1. Select the Proper Hardwood Flooring for Each Room

You’ll want to make sure you select the right hardwood for the rooms you’ll be installing in. For instance, you shouldn’t choose prefinished planks for the kitchen, as these have beveled edges, and spills can leak down into the planks. 

High-traffic areas like mudrooms are best suited for extra durable types of wood like hickory, hard maple, or white oak.

2. Understand the Installation Methods

Nail-down, glue-down, and click-lock are the three main types of hardwood flooring installation, though glue-down and click-lock are most common with engineered wood flooring.

Popular for its permanence, the nail-down method requires a wooden subfloor. If your subfloor is not made of wood, you must either create a wood subfloor with plywood or remove the existing flooring to get to the wood beneath. Once complete, the nails are practically invisible. This method is very cost-effective.
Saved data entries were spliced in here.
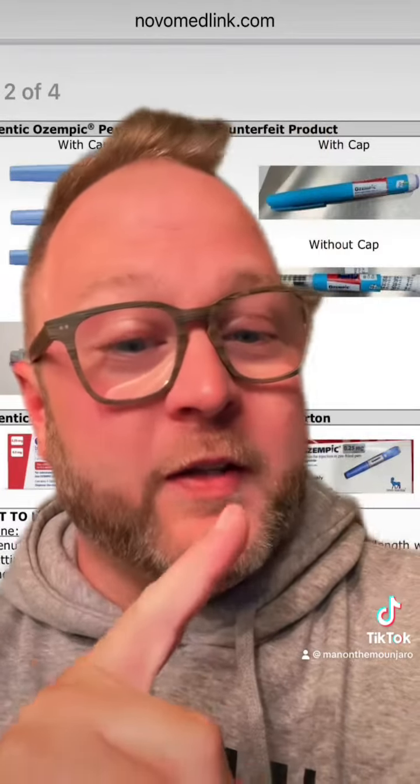And if you have any concern, please make sure you talk to your doctor and talk to your pharmacist. If you found this video helpful, please follow my channel and share this with somebody who might find it helpful also.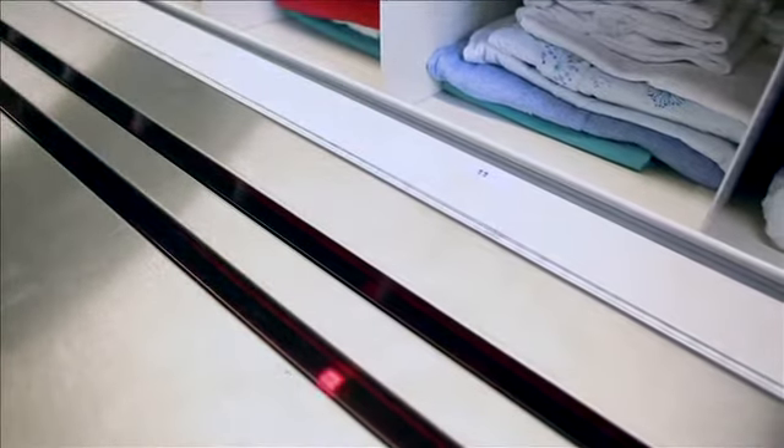On the Hainal Rotomat, the LEDs are integrated ergonomically into the work counter.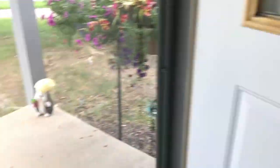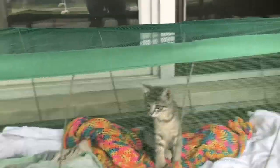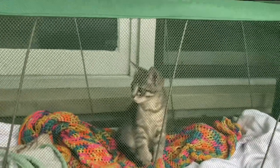I forgot to record bringing him outside, but here he is, guys. Instagram post — say cheese, Mushroom!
The glue-down method can be used with hardwood as well, and can be done if you have a cement or wood subfloor. This method involves using a strong adhesive to affix the hardwood on top of the subfloor.

3. Decide to DIY (or Not)

Installing hardwood flooring is not an easy undertaking. Unless you’ve done it before or have extensive experience with DIY home projects (especially those involving wood), it might make more sense to hire a local wood flooring pro.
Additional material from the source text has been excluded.